So, lawyers are people. Despite the importance of work, especially in Biglaw, sometimes personal life probably should take precedence over practicing law. Perhaps a wedding, a funeral, or maybe a particularly important religious holiday should win out.
But what about a defense attorney who wants to suspend a capital murder-for-hire trial to attend a look-alike contest for one of the greatest authors in American history? The short answer is: no dice. The slightly longer answer is a hilarious ruling from a federal judge denying the request….

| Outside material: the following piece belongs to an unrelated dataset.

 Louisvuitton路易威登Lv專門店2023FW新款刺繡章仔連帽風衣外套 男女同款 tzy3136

Attorney Frank Louderback is representing Jerry Alan Bottorff, who’s accused, along with two other people, of murder for hire. The federal death penalty case had been specially set, but last week Louderback requested to suspend the trial… so he could attend the annual Ernest Hemingway look-alike contest. Yes. Seriously.
Undersigned counsel, a perennial contestant in the Ernest Hemingway Look-alike Contest, is scheduled to appear as a semi-finalist at Sloppy Joe’s Bar in Key West, Florida at 6:30 P.M. on Friday, July 20, 2012.

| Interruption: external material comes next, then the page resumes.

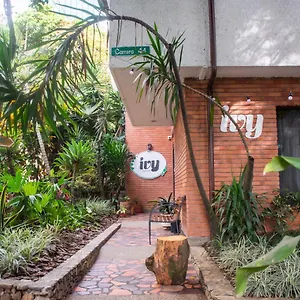 Ivy Hostal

In order to be able to be in Key West at the appointed hour, undersigned counsel has planned to depart St. Petersburg after the trial recesses on Thursday, July 19, 2012, and drive toward Key West[,] arriving on July 20, 2012.

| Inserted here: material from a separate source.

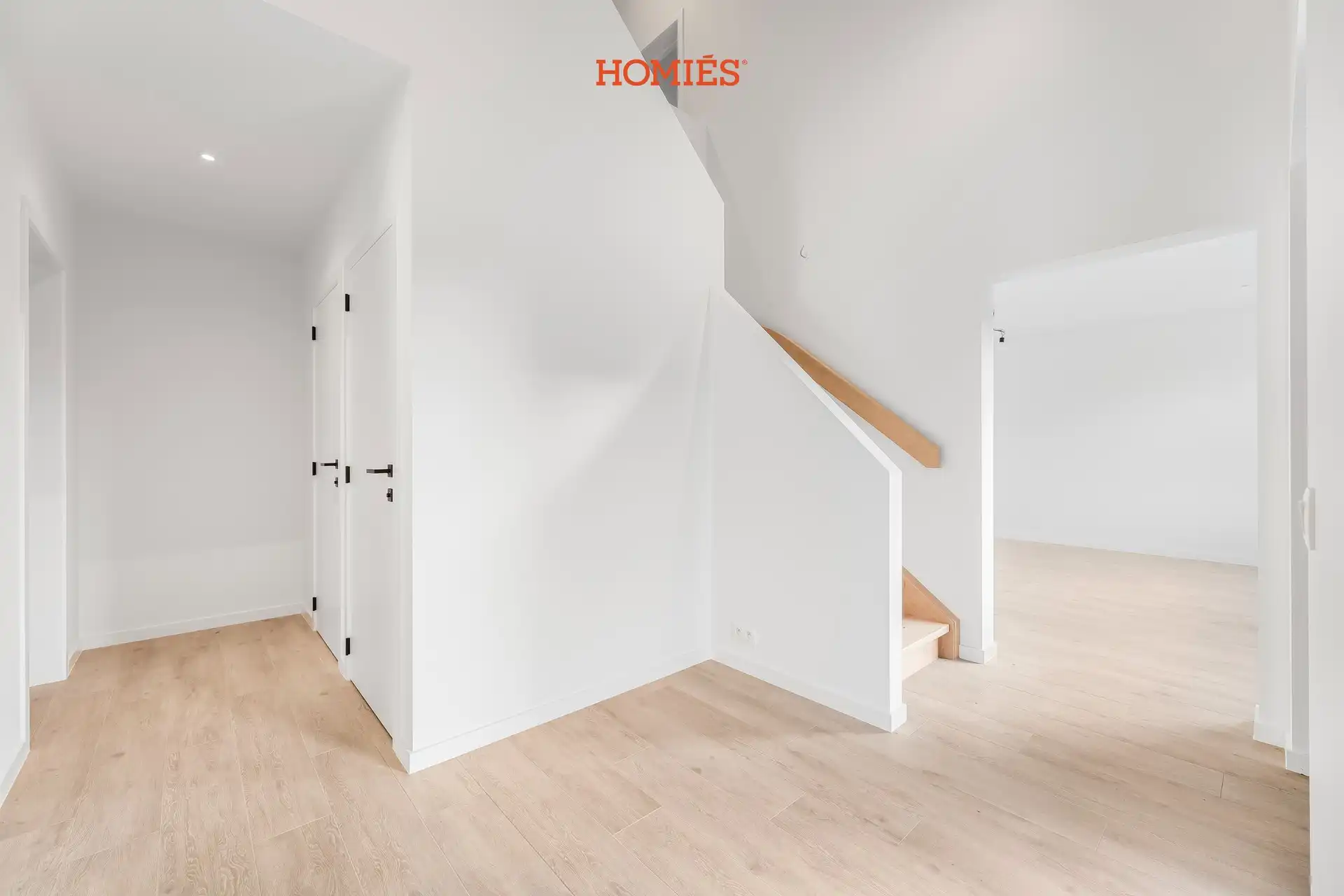 Volledig gerenoveerde woning met 4 slaapkamers foto 9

Undersigned counsel has secured a block of six rooms to accommodate family, friends, and fans and has had to pay non-refundable deposits.
I can respect that the conference is important to Louderback (it clearly is, if he blocked out six rooms to bring his clan with him), because first and foremost, Ernest Hemingway freaking rules. I saw a guy in a café once who looked exactly like Hem, and it was pretty incredible. But I still can’t imagine writing this request with a straight face. The icing on this sadness cake is that the contest is being held at “Sloppy Joe’s.” That probably didn’t help convince the judge.
South Florida Lawyers Blog has a video of the annual Hemingway look-alike competition, in case you’re interested in seeing what Louderback will be missing this year. The blog also mentions that the St. Petersburg attorney is a self-described “perennial contestant in the Ernest Hemingway Look-alike contest.”
To Judge Steven Merryday’s credit, he handled the motion relatively respectfully — and he employed a decent sense of humor:
Between a murder-for-hire trial and an annual look-alike contest, surely Hemingway, a perfervid admirer of “grace under pressure,” would choose the trial.
At his most robust, Hemingway exemplified the intrepid defense lawyer:
He works like hell, and through it…. He has the most profound bravery…. He has had pain and the kind of poverty that you don’t believe[;] he has had about eight times the normal allotment of responsibilities. And he has never once compromised. He has never turned off on an easier path than the one he staked himself. It takes courage.
Dorothy Parker, The Artist’s Reward, THE NEW YORKER, Nov. 30, 1929, at 28-30 (describing Hemingway). Perhaps a lawyer who evokes Hemingway can resist relaxing frolic in favor of solemn duty.
Or, at least, “Isn’t it pretty to think so?”
Best of luck to counsel in next year’s contest. The motion (Doc. 127) is DENIED.